Question

simulation of time-series protein expression data

0

Entering edit mode

10.6 years ago

Zara ▴ 20

Hi everybody,

I'm trying to simulate time-series data for protein expression. I have a PPI network for which I want to simulate the data. Beside proteins, there are other proteins which we know as stimuli nodes. These nodes are connected to one or several proteins (like a drug molecule which is affecting a protein in our network).

I use formula 1 from this paper for simulating the relation between concentration of proteins.

I need this data to test my network inference algorithm.

Now my question is:

How can I simulate data in first time-step?
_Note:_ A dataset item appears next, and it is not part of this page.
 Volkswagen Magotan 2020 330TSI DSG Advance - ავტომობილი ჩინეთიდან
For example can I just create random values and then apply the formula to get the data for the next time steps (of course I should ignore the random row)?
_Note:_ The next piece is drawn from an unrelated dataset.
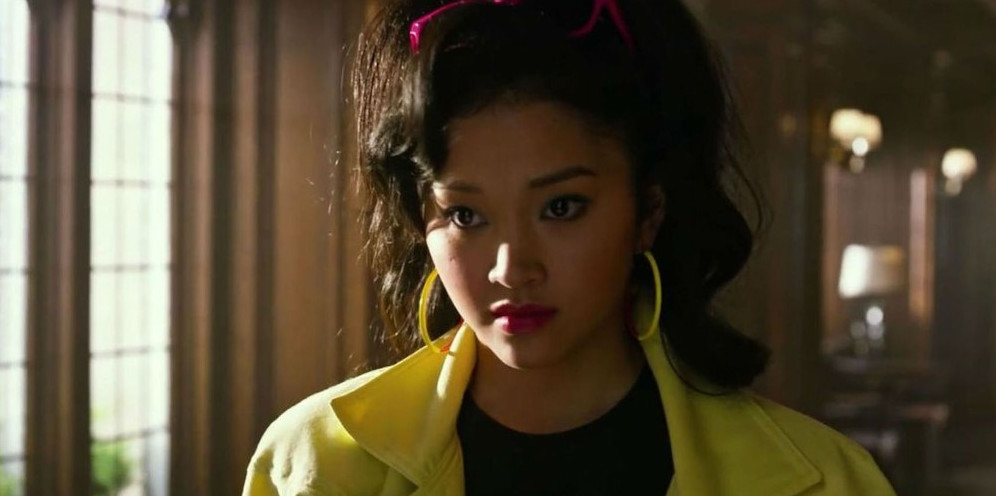 Lana Condor  nude photo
For example if I have an activator for EGFR, then if this activator is on, EGFR should be expressed, otherwise EGFR should be silent (no expression I mean). But if I just fix this, then the data would hardly be changed in next time steps. I mean any way I can't use a fix value for perturbed nodes, since in the formula itself the expression level is not fixed. I don't know how to calculate the concentrations for a node which is connected to an inhibitor or a stimuli node. It is already considered in the formula but using the formula it is possible that an inhibited node, gets a high value during next time steps.

I don't know how to set reasonable alpha and beta in the formula 1 (I solved the formula to get expression level in time t in terms of expression levels in time t-1).

Any help would be appreciated.

Thanks :)

simulation R time-series • 3.1k views

ADD COMMENT • link updated 3.3 years ago by Ram 45k • written 10.6 years ago by Zara ▴ 20

Ram · Accepted Answer · 2014-11-02

There seem to be two questions here -- how to get meaningful initial conditions for your network, and how to choose model parameters for that network.

For the first question, it depends on what you're trying to do. Picking random initial states and running several time steps through your network until you get conditions that are suitable (by whatever metric makes sense for your problem) is certainly one approach - it would look a bit like burn-in in MCMC models, which is certainly a widely-used technique. But note that burn-in from random starting points is often seen as something of a hack (here's one vote against, for example) - it's something you might try if you don't know what else to do.

Presumably you're going to use your network and the initial conditions to start from some biologically plausible initial state, then perturb the state in some well-characterized way, and then see what the outcome is. So ideally you'd just pick one (or a set of several) initial states that you know are relevant and start from there. (You may still want to run several time steps before imposing the perturbation just to shake out any transients that result from having slightly approximated or otherwise mis-characterized the initial conditions. Otherwise you risk confusing those initial transients with the consequences of the perturbation you're imposing).

If you really don't know what sensible initial conditions are, you could try the random approach, but at the very least try a large number of initial random configurations to make sure you're getting a sensible range of sensible starting points.

As for the second question, good choices for α and β (do you mean ε? There's no β in equation 1 of the cited paper) that's just part of your model for the time evolution of the protein expression, and the paper describes how they were chosen in that case; most of the derivations had them set to 1, and then they were eventually updated to better match the desired properties by using conjugate gradient (several relevant R packages are listed in the Optimization task view on CRAN).